#### [Data to examine]
┌────────
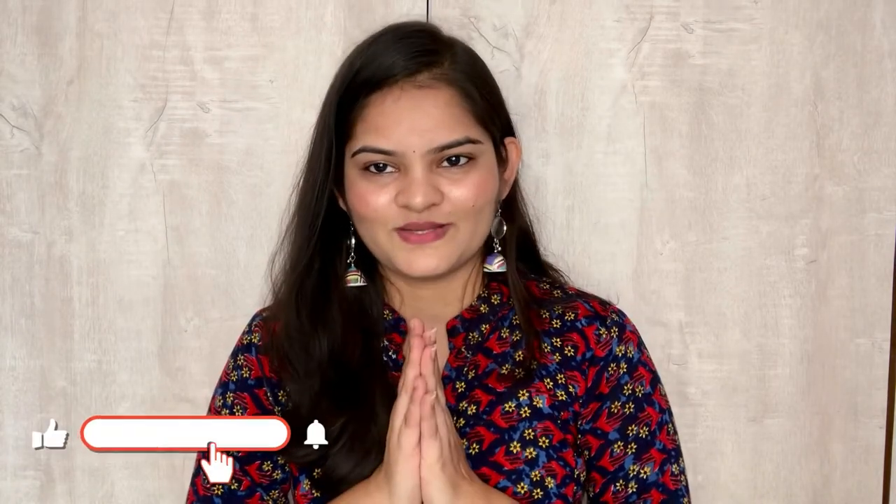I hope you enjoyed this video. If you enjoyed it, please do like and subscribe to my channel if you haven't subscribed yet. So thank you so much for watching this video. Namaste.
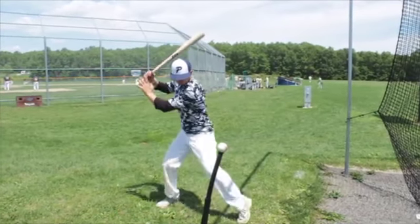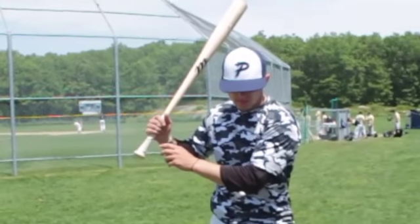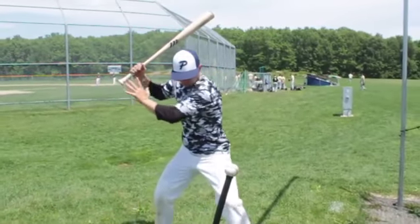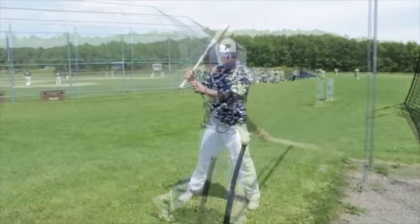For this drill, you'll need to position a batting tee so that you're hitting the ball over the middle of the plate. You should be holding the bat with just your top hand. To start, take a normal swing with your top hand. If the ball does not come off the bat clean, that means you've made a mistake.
└────────
┌────────
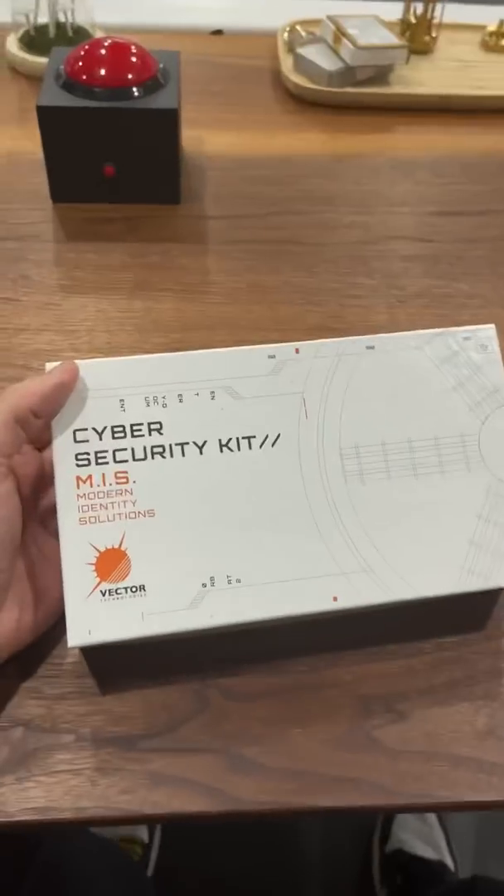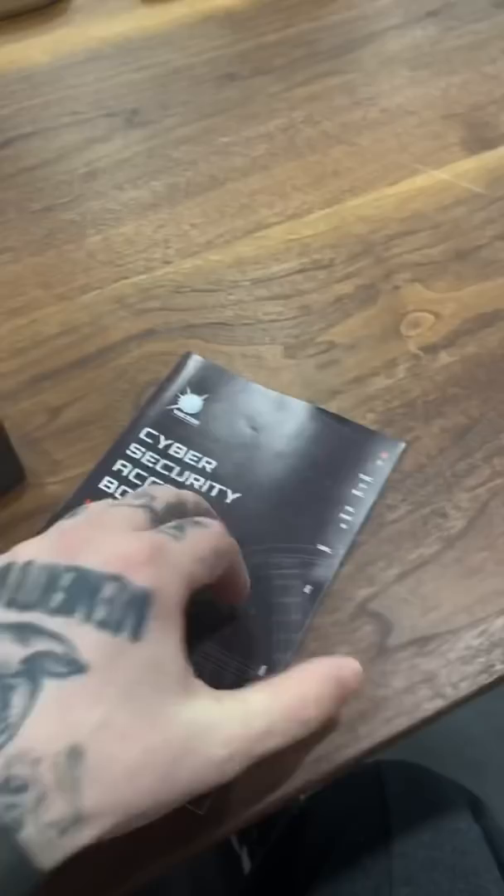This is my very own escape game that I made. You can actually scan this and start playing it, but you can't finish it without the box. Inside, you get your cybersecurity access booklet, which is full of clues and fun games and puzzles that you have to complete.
└────────
In the listing above, the required lines run from the line with "I hope you enjoyed" through the line with "For this drill, you'll". Output exactly those lines, omitting pictures.

I hope you enjoyed this video. If you enjoyed it, please do like and subscribe to my channel if you haven't subscribed yet. So thank you so much for watching this video. Namaste.
For this drill, you'll need to position a batting tee so that you're hitting the ball over the middle of the plate. You should be holding the bat with just your top hand. To start, take a normal swing with your top hand. If the ball does not come off the bat clean, that means you've made a mistake.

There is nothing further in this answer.